I have the 2mt version of this one and it works really well. The reduced diameter section is excellent for turning small diameter stuff.

http://www.shars.com/3mt-long-nose-high-speed-medium-duty-cnc-live-center


----------



## Uglydog (Nov 2, 2017)

I haven't been willing to pay the prices that are asked for new or gently used.
I regularly wish I had a MT5 or even an MT4 long nose (I could sleeve up).
I'm hoping to make one.
Yes, I know the total time and material may cost more than buying one.
But , I enjoy making this stuff, I'm not running a production shop, and quality will directly reflect my efforts and skill or lack thereof.

Daryl
MN


----------



## bss1 (Nov 2, 2017)

Alan

Excellent timing, I am interested in a long nose center for the 1340 as well!


----------



## Dave Paine (Nov 2, 2017)

I bought a live centre set.  My logic was that I could make my own tips if needed.  I use this when needed.  I normally use the live centre which came with my lathe.

Shars MT3 live centre set


----------



## woodtickgreg (Nov 2, 2017)

Uglydog said:


> I regularly wish I had a MT5 or even an MT4 long nose (I could sleeve up).
> I'm hoping to make one.
> Yes, I know the total time and material may cost more than buying one.
> 
> ...




I think I have a couple of mt5 live centers that I will never use. At least I think they are 5's, not really sure and I don't know how to figure out the size. And they are not longnose but maybe they could be changed out. They are older units. I would be interested in a trade if you think you could use them, I'll get pics and pm them if you are.


----------



## Uglydog (Nov 2, 2017)

woodtickgreg said:


> I think I have a couple of mt5 live centers that I will never use. At least I think they are 5's, not really sure and I don't know how to figure out the size. And they are not longnose but maybe they could be changed out. They are older units. I would be interested in a trade if you think you could use them, I'll get pics and pm them if you are.
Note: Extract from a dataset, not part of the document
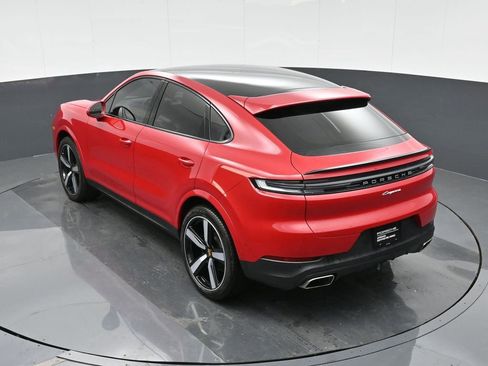 Certified 2024 Porsche Cayenne Coupe image 28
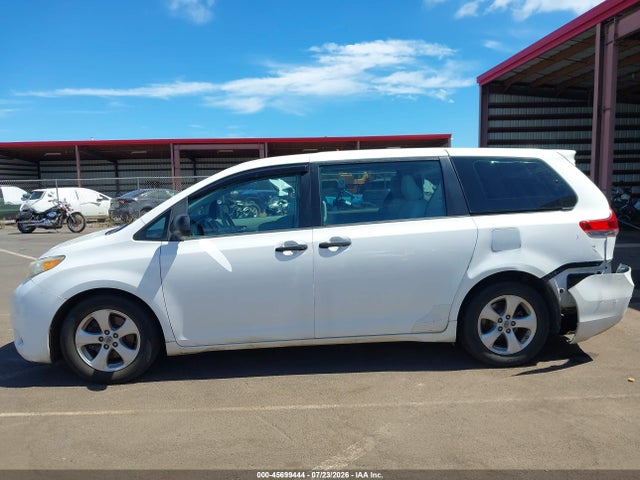45699444 :رقم المزاد ، 5TDZK3DC3ES513349 vin ، 2014 Toyota Sienna L V6 7 Passenger مزاد بيع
Unfortunately I have multiple extra MT4 and MT5 standard live centers.
However, if they are different from what I already have I would be interested in some trades or possibly a purchase. Please PM me some pics/description. And identify if there is anything for which you've been hoping.

Daryl
MN


----------



## richl (Nov 2, 2017)

A couple brands worth looking into 
Zlive center
Skota
They are a bit more than the overseas models.


----------



## mksj (Nov 2, 2017)

I also have a Shar's extended point live center, works well, but was kind of gritty and stiff at first. I added oil and ran it on the lathe for awhile and it is better, but still a bit stiff. Z-Live has what looks like the same exact model, just more expensive. Both of these look like a copy of the Royal extended point.  The Shar's extended point live center that I have has a large body (2.31") that can sometimes interfere with the QCTP,  this diameter is the exact same as the Royal below. The Skoda CNC point looks to be a bit more compact, but can't justify the 3X price. I have a Swiss standard point live center with has a pressure indicator, and it is like butter.

Skoda CNC Live center
https://www.ajaxtoolsupply.com/skmtprcnclic1.html

Royal Products 10213 model is 4X the price, at Zoro with their 25% off sale running now.
https://www.zoro.com/royal-products-hss-live-center-3-mt-cnc-point-10213/i/G2041107/?q=Royal+++10213


----------



## richl (Nov 2, 2017)

Ouch, I really did not think the Skoda cost that much, I got mine with one of my lathes... cool


----------



## mikey (Nov 2, 2017)

Unless you need it right away, I would consider waiting for a Royal High Speed carbide tipped live center on ebay at a fair price. I have seen these come up from time to time for a steal. Here is the one I mean:
https://www.ebay.com/itm/Royal-High...636016&hash=item485cdf9952:g:3kEAAOxy3NBSe~9v

An extended tip center bears the load cantilevered way out there so the support has to be really solid. Royal centers have 3 angular contact bearings in the body plus a needle bearing on the proximal end to handle loads. The MT3 can handle up to 180# while maintaining the specified run out because of this construction.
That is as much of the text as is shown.